Newton Poppleford


Newton Poppleford, as the name implies, started as a Saxon ‘new town’ by the pebbly ford. It’s possible that there was an even earlier settlement here, as the Roman road from Exeter to the port at Axmouth crossed the River Otter not far from the present bridge.

One of the earliest written records is the Royal Charter granted in 1252 to hold a three-day fair at St Luke’s-tide (18th October). Apparently the ancient fairs were very lively and noisy occasions and, although they died out over 100 years ago, the more recent annual Carnival at the beginning of October vies for both noise and spectacle.

Transport has always been a theme for this long village of thatched cottages mixed with modern buildings along the A3052 main road, which runs from Exeter to Sidmouth and eastwards along the Jurassic coast.

There were mentions of a bridge over the river in 1259 and 1492. In 1809 there was an awkward five-arch bridge which was replaced in 1840 by the present structure.

This was built by James Green, the first County Surveyor for Devon, and was one of only three bridges on the Otter to survive a great flood in 1968. The road was improved by the turnpike, who built toll-houses. The one at the junction of the Exeter and Exmouth roads was built in 1758, and is thought to be the oldest remaining tollhouse in Devon.

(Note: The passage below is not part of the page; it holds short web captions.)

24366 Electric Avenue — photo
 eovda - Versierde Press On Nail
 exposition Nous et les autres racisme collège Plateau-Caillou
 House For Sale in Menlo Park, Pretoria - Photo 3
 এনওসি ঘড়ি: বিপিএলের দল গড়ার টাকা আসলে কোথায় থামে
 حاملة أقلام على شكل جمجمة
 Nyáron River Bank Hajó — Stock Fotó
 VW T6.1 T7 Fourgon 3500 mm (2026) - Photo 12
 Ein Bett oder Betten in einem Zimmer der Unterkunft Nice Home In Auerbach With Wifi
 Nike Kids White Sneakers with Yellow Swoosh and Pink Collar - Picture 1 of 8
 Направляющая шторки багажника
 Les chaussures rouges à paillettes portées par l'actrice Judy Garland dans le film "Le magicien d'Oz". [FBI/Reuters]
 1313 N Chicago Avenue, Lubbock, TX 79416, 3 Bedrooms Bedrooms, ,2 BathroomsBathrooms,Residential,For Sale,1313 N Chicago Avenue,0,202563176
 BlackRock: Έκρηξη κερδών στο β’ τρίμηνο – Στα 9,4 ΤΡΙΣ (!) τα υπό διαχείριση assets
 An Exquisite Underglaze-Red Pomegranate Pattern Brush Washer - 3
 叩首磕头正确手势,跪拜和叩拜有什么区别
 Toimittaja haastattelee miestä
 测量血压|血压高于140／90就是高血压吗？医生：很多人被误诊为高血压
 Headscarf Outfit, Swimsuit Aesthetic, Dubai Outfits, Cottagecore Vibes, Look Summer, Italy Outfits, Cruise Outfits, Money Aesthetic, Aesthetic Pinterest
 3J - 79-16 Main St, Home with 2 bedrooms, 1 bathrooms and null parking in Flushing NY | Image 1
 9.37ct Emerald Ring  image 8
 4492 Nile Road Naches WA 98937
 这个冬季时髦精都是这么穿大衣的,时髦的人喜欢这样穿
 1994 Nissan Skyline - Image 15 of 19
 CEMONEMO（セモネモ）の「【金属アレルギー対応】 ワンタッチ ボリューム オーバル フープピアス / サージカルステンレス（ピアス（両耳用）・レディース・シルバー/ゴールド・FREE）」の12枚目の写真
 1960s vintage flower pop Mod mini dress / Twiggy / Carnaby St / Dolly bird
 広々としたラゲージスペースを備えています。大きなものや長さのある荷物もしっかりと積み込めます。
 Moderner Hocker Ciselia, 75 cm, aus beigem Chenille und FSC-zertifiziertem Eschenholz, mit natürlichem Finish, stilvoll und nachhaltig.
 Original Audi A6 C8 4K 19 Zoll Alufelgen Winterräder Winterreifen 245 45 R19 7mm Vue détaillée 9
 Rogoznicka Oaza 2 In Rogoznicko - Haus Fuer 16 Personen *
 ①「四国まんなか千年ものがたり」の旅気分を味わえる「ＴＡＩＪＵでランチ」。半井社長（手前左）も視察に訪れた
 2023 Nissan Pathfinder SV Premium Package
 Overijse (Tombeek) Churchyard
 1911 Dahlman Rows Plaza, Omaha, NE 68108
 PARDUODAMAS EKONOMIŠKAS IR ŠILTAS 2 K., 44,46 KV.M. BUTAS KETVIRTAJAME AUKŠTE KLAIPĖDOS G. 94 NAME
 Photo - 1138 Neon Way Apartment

The railway arrived in 1874, and encouraged a number of local businesses, but sadly the branch line did not survive the ‘Beeching cuts’ and closed in 1967. The track bed over the hill through Harpford woods is now a permissive bridleway and is an attractive link to an extensive network of paths covering the area, from the heathlands in the west (with an important RSPB reserve), through the farmlands of the Otter valley to the ridge of wooded hills to the east.


The village is a good starting point for a number of walks exploring the area. The East Devon Way, a long-distance path from Exmouth to Lyme Regis, passes through both Newton Poppleford and Harpford. The Lower Otter Riverside Walk leaflet describes the riverside walk from Budleigh Salterton to Newton Poppleford.

Public transport consists of a half-hourly bus service between Exeter and Sidmouth and an hourly service to Exmouth via Budleigh Salterton. The ‘Jurassic Coast’ long distance bus makes six journeys a day in each direction linking Exeter and Weymouth.

The tower of St Luke’s church is 14th century, and is said to have been built on the site ‘where an ancient chapel stood’ – perhaps a Saxon church? The rest of the church was rebuilt in the1870s, and has some interesting features. Across the river, Harpford church dates from 1208 and remains a haven of tranquillity. Its claim to fame is that the Revd Augustus Toplady, author of the hymn ‘Rock of Ages’ was once vicar here.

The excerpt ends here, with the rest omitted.